TASK DIRECTIONS: Restate the entries word for word and skip every image.

DATA SECTION: Begin

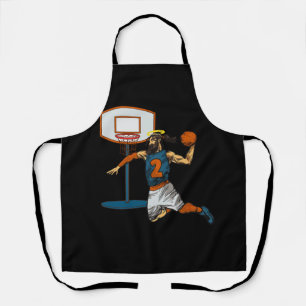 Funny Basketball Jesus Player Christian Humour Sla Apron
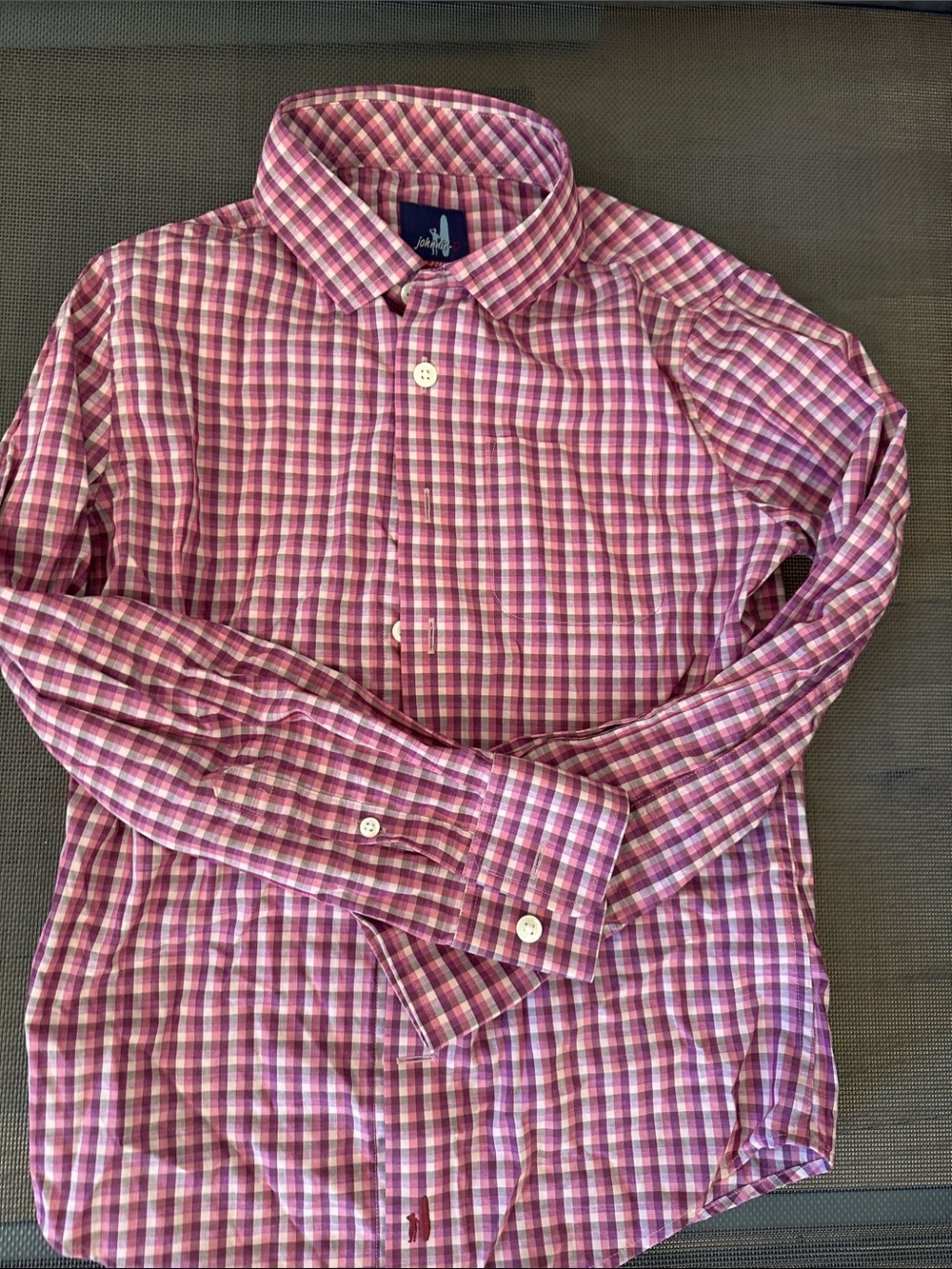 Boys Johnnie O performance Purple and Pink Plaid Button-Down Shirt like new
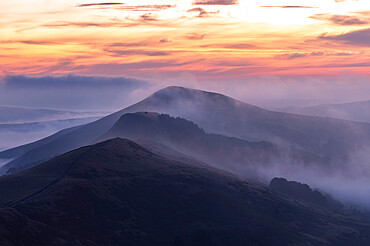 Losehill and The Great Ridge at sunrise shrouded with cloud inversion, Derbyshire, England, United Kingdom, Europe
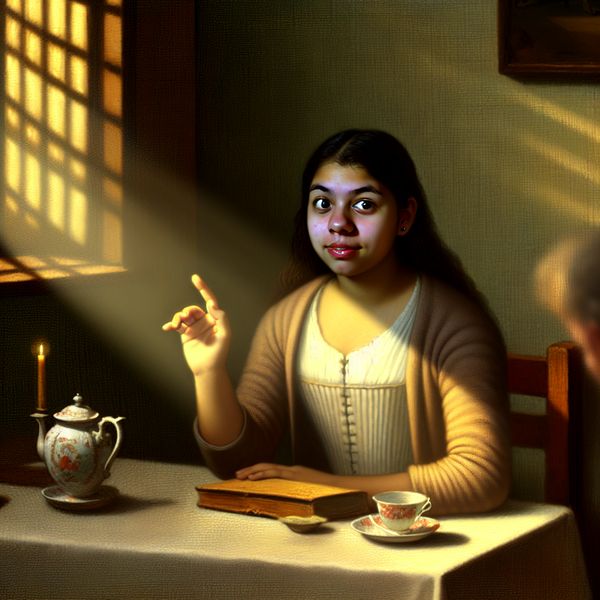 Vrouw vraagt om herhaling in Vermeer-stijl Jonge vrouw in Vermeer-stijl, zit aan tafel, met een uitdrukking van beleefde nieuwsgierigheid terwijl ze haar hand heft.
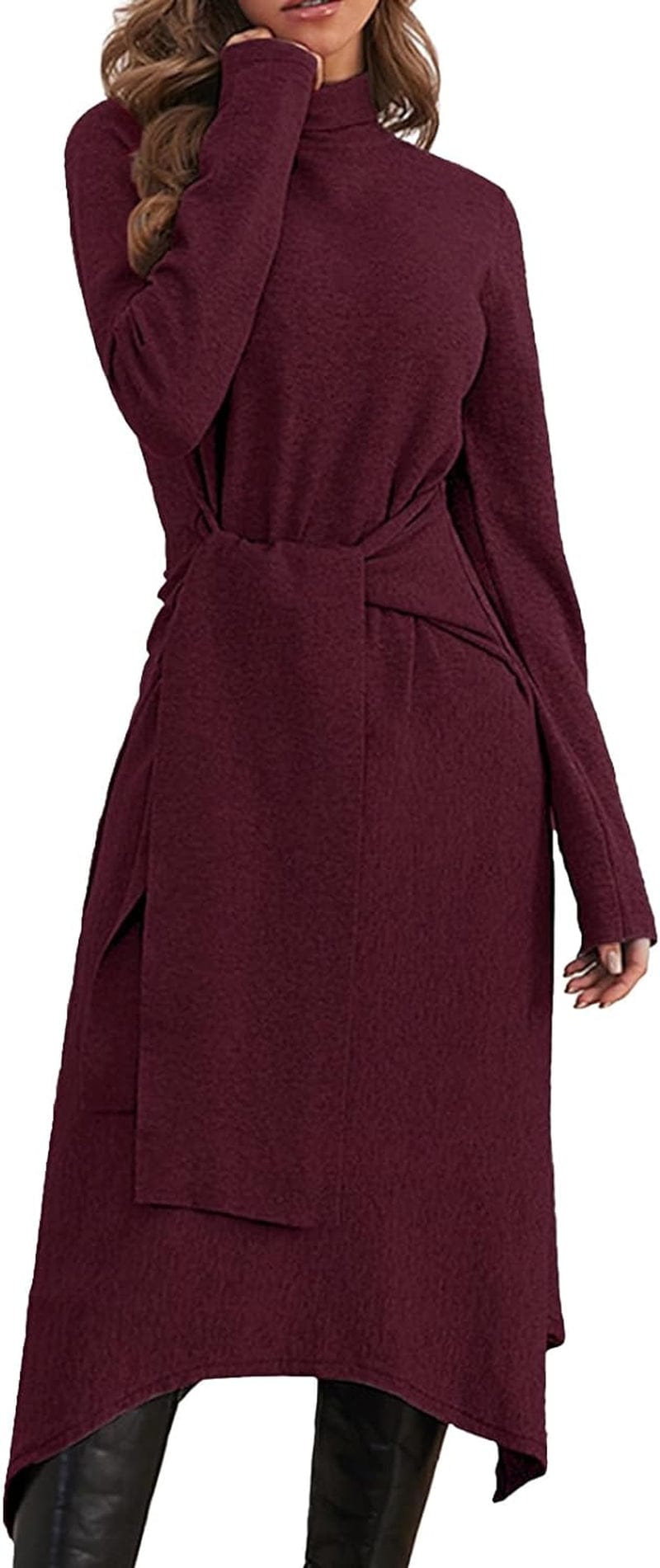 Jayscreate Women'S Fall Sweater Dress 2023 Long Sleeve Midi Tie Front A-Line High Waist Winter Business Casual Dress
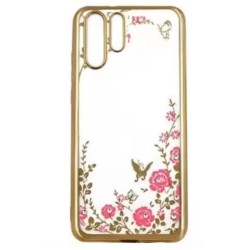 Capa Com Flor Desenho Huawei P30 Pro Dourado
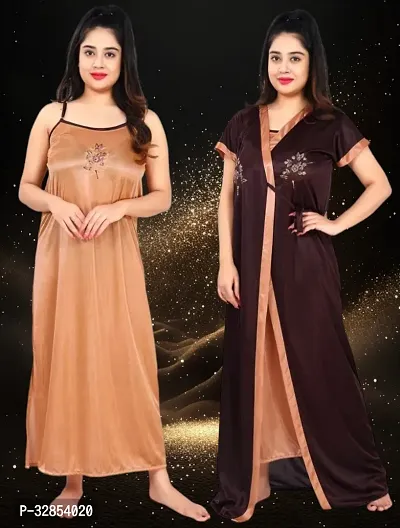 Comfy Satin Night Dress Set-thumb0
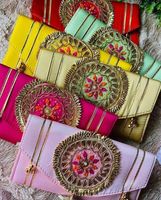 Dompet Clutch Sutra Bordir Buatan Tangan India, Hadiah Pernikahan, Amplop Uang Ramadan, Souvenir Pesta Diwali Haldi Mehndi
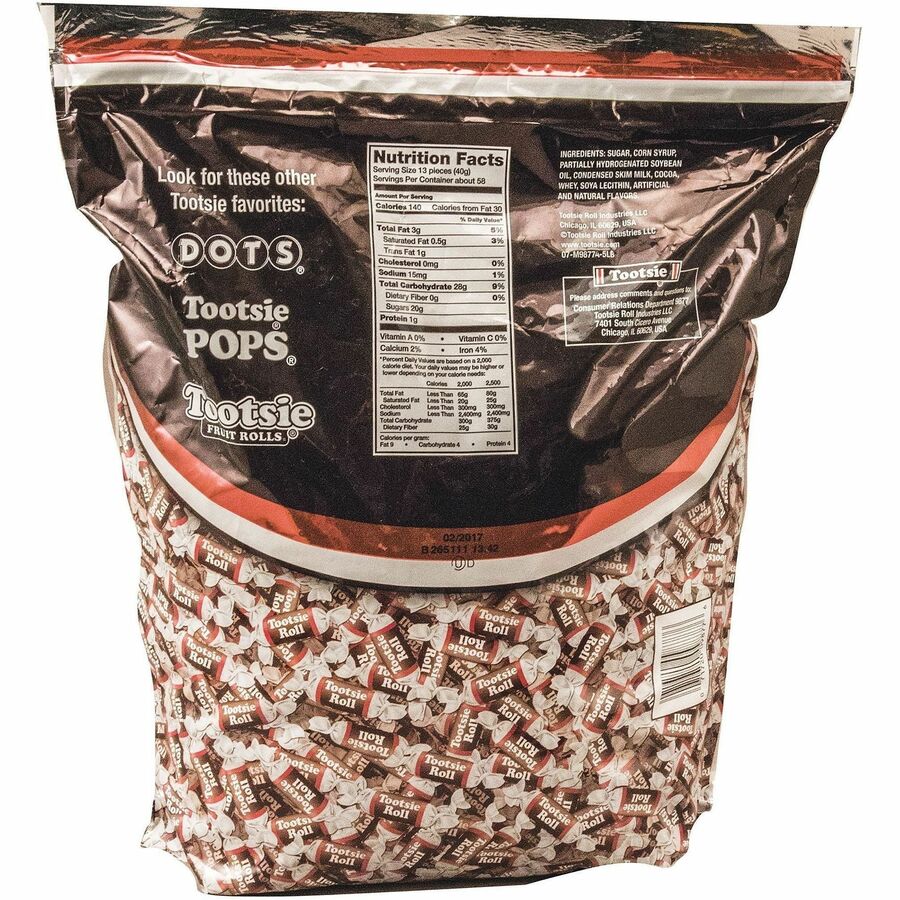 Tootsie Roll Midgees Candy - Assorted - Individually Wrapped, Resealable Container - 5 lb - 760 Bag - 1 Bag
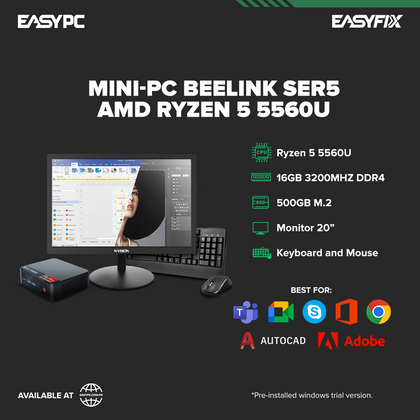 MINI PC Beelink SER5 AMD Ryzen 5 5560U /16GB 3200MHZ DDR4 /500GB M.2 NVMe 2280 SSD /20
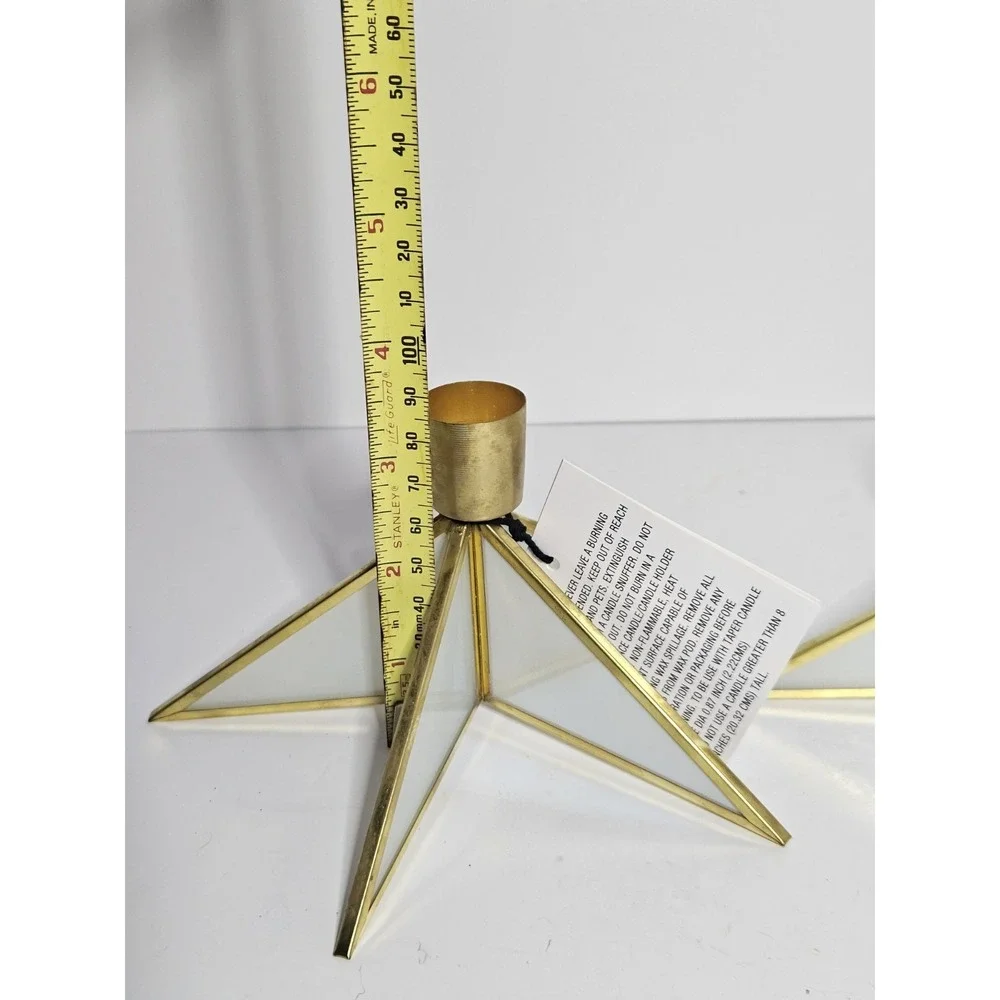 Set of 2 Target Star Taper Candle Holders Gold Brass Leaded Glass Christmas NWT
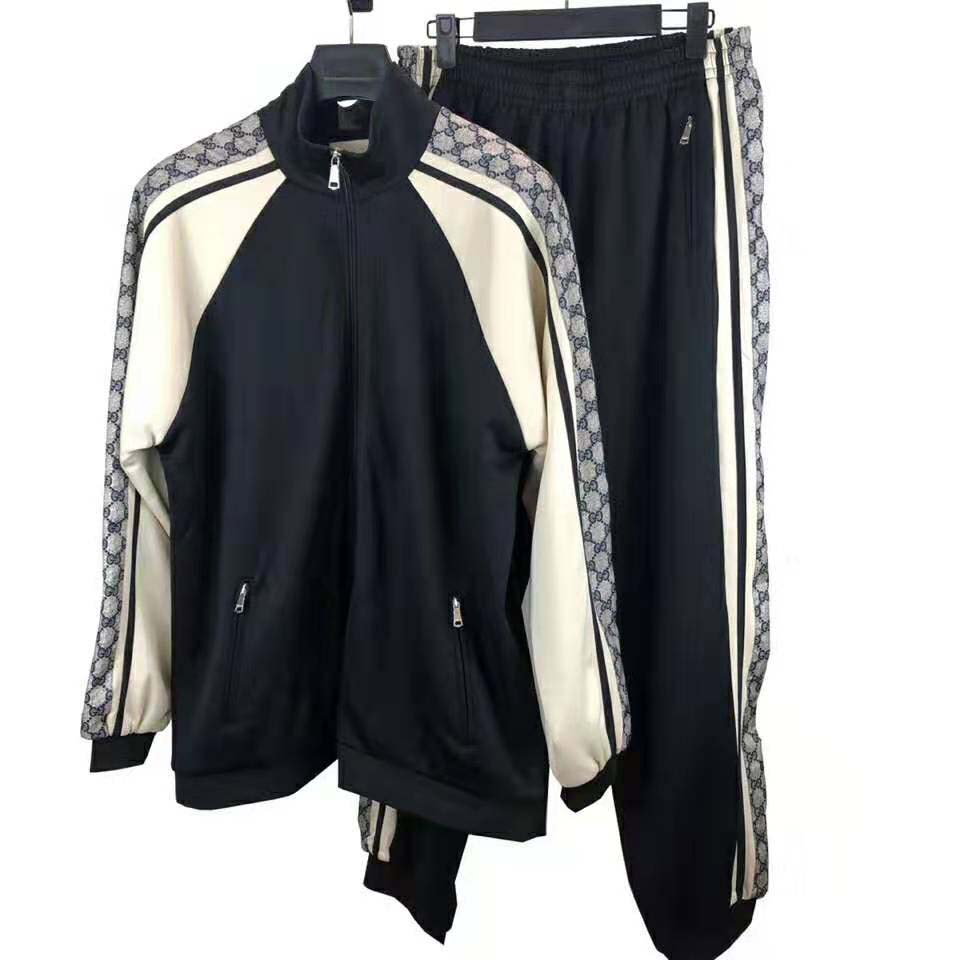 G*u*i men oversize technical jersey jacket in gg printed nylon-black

DATA SECTION: End

REPLY TO THE TASK:
 Funny Basketball Jesus Player Christian Humour Sla Apron
 Boys Johnnie O performance Purple and Pink Plaid Button-Down Shirt like new
 Losehill and The Great Ridge at sunrise shrouded with cloud inversion, Derbyshire, England, United Kingdom, Europe
 Vrouw vraagt om herhaling in Vermeer-stijl Jonge vrouw in Vermeer-stijl, zit aan tafel, met een uitdrukking van beleefde nieuwsgierigheid terwijl ze haar hand heft.
 Jayscreate Women'S Fall Sweater Dress 2023 Long Sleeve Midi Tie Front A-Line High Waist Winter Business Casual Dress
 Capa Com Flor Desenho Huawei P30 Pro Dourado
 Comfy Satin Night Dress Set-thumb0
 Dompet Clutch Sutra Bordir Buatan Tangan India, Hadiah Pernikahan, Amplop Uang Ramadan, Souvenir Pesta Diwali Haldi Mehndi
 Tootsie Roll Midgees Candy - Assorted - Individually Wrapped, Resealable Container - 5 lb - 760 Bag - 1 Bag
 MINI PC Beelink SER5 AMD Ryzen 5 5560U /16GB 3200MHZ DDR4 /500GB M.2 NVMe 2280 SSD /20
 Set of 2 Target Star Taper Candle Holders Gold Brass Leaded Glass Christmas NWT
 G*u*i men oversize technical jersey jacket in gg printed nylon-black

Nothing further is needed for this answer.